When Girls of Paper and Fire, the first book in her YA fantasy trilogy, was released in 2018, Natasha Ngan became a name to watch in the genre. Fans were immediately drawn to the lush fantasy about Lei, a young woman swept into a king’s dark and dangerous world. Now, Ngan is back with the second book in her series, Girls of Storm and Shadow, to be released Nov. 5, 2019. Bustle has the stunning cover reveal and an exclusive excerpt from the book below!
For those in need of a refresher, Girls of Paper and Fire follows Lei, a member of the lowest and most oppressed caste in Ikhara. She lives in a remote village with her father — that is, until guards suddenly arrive to take Lei to the palace, where she and eight other girls are forced to learn the skills and charm that befit a king’s consort.
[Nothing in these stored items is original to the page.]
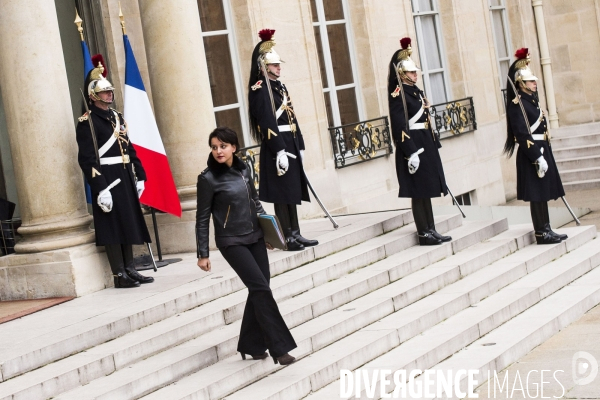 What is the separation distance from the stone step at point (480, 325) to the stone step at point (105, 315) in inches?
58.2

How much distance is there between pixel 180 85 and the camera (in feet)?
33.9

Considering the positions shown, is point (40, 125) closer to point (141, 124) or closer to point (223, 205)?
point (141, 124)

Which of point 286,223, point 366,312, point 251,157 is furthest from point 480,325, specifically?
point 251,157

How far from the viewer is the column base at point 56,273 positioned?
28.3 ft

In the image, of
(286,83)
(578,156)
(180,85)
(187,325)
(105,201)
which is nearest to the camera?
(187,325)

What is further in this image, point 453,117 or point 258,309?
point 453,117

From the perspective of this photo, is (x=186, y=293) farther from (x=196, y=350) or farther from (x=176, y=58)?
(x=176, y=58)

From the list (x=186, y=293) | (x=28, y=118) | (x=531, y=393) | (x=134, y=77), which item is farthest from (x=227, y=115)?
(x=531, y=393)

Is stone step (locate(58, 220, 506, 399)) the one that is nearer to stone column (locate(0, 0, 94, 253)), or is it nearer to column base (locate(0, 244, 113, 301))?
column base (locate(0, 244, 113, 301))

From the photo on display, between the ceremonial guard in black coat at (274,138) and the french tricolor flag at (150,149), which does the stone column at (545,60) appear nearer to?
the ceremonial guard in black coat at (274,138)

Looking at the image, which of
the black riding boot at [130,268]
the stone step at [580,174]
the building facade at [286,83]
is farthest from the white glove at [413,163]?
the stone step at [580,174]

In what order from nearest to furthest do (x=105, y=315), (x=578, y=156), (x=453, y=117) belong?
(x=105, y=315) → (x=453, y=117) → (x=578, y=156)

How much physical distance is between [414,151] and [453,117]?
20.1 feet

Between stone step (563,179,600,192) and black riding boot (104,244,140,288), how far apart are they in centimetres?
1014
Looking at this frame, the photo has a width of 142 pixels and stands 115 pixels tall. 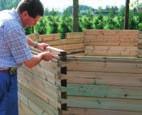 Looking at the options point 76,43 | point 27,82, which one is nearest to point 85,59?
point 27,82

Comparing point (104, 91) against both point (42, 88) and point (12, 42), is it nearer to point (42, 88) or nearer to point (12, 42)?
point (42, 88)

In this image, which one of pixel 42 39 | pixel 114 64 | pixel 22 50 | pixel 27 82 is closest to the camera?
pixel 22 50

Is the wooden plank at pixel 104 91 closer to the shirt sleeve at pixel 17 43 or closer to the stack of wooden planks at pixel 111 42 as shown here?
the shirt sleeve at pixel 17 43

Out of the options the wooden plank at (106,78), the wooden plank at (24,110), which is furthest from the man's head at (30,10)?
the wooden plank at (24,110)

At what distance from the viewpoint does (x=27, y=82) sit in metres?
6.05

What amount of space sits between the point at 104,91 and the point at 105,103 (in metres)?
0.14

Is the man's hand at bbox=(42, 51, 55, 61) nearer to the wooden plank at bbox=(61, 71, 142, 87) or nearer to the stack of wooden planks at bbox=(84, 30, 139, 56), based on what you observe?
the wooden plank at bbox=(61, 71, 142, 87)

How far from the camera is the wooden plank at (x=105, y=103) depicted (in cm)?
489

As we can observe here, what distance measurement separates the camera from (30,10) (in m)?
4.51

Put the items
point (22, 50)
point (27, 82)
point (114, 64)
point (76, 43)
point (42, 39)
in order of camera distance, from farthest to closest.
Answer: point (76, 43), point (42, 39), point (27, 82), point (114, 64), point (22, 50)

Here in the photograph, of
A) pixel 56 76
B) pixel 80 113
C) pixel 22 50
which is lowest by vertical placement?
pixel 80 113

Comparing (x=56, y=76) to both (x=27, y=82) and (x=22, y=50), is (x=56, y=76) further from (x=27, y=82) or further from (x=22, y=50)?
(x=27, y=82)

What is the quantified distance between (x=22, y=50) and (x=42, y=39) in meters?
3.26

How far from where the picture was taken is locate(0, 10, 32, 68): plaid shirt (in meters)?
4.45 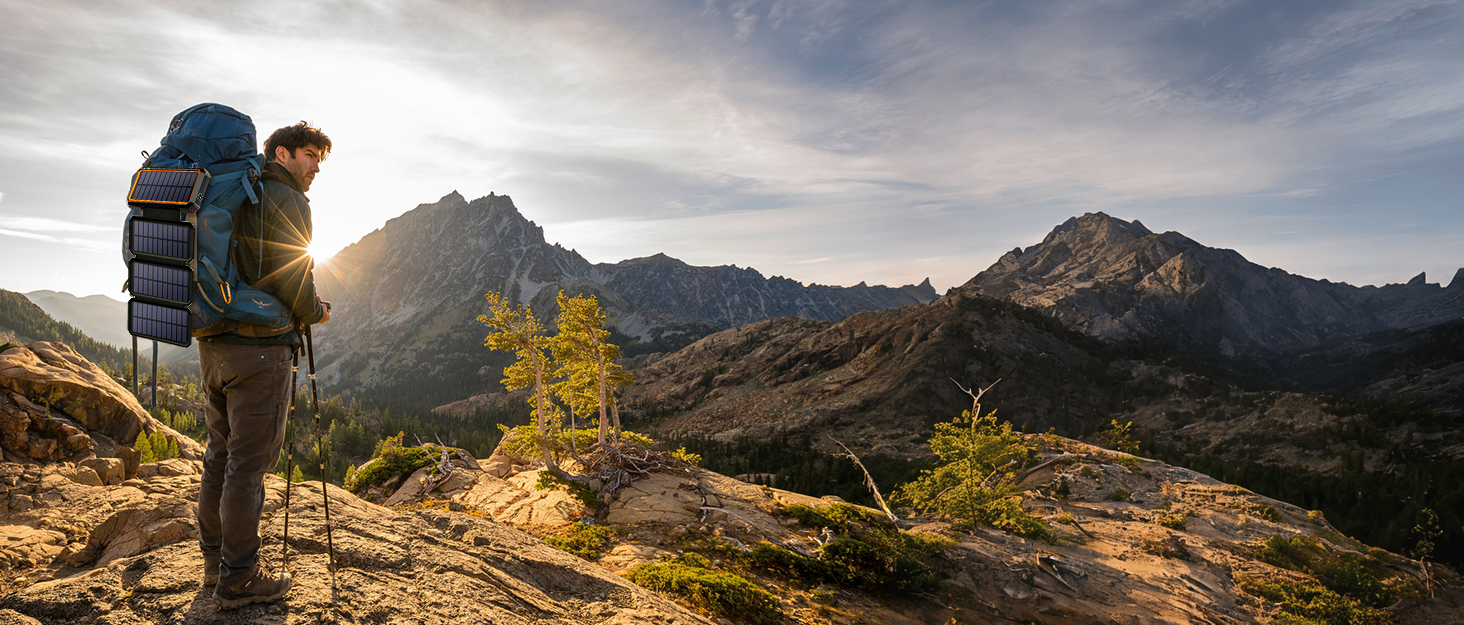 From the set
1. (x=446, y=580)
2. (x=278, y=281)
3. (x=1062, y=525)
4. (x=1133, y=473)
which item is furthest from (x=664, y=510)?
(x=1133, y=473)

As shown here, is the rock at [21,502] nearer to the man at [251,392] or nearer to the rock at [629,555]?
the man at [251,392]

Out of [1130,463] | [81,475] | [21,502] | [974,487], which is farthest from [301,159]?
[1130,463]

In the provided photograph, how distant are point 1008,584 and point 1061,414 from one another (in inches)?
3192

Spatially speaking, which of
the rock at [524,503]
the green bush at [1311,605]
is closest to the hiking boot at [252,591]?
the rock at [524,503]

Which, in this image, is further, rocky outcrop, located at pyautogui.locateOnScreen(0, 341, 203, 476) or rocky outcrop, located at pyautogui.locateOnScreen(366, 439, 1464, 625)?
rocky outcrop, located at pyautogui.locateOnScreen(366, 439, 1464, 625)

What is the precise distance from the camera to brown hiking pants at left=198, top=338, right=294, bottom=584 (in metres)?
4.05

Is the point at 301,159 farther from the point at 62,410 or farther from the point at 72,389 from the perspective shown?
the point at 72,389

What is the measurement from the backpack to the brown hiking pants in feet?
0.79

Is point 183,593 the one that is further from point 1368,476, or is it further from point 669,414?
point 669,414

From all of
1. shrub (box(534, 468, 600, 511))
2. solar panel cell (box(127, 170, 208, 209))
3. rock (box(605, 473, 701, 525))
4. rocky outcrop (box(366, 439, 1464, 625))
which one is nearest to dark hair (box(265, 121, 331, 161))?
solar panel cell (box(127, 170, 208, 209))

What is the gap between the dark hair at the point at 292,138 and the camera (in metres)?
4.54

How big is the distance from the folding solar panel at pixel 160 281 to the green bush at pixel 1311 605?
2365 centimetres

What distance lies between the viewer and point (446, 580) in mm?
5590

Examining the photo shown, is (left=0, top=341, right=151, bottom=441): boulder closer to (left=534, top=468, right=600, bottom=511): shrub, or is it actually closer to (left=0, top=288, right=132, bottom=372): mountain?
(left=534, top=468, right=600, bottom=511): shrub
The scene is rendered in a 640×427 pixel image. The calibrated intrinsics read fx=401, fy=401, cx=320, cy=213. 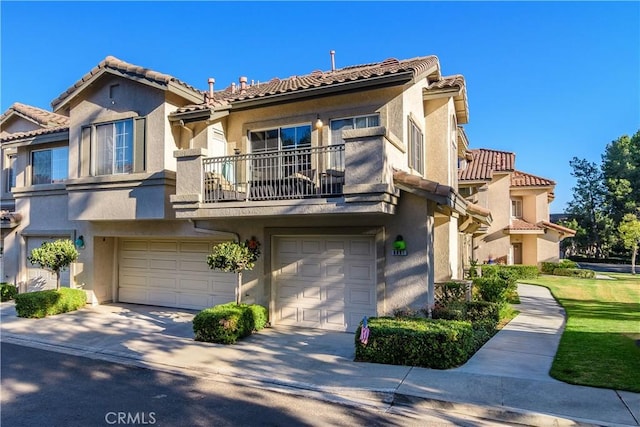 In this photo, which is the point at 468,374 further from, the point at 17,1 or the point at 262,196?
the point at 17,1

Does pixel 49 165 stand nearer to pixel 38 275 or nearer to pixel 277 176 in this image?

While there, Lei falls in love with another of the girls, and her forbidden romance becomes enmeshed with an explosive plot that threatens the very foundation of Ikhara.
Girls of Storm and Shadow picks up soon after the events of the first book. Lei is now hailed as the Moonchosen, the commoner who managed to do what no one else could. But slaying the cruel Demon King wasn’t the end of the plan, and now Lei and her warrior love, Wren, must travel the kingdom to gain support from the rebel clans. But there is a bounty on Lei’s head, and an evil plot to eliminate the rebel uprising is taking shape, fueled by dark magic.
Take a look at the stunning new cover below, and keep reading for the entire first chapter of the Girls of Shadow and Storm:
From the night we escape the palace, what was at first a light scattering of flakes builds into a snowstorm.
It takes less than twenty-four hours for the first layer to settle. Just over a day until it builds into a thick blanket of glittering white. One more day and the snow has covered everything, a carpet of muffling powder that stings your eyes in the daylight and casts eerie shapes at night from the shadows. After two weeks, it’s as though we’ve lived in this frosted world forever.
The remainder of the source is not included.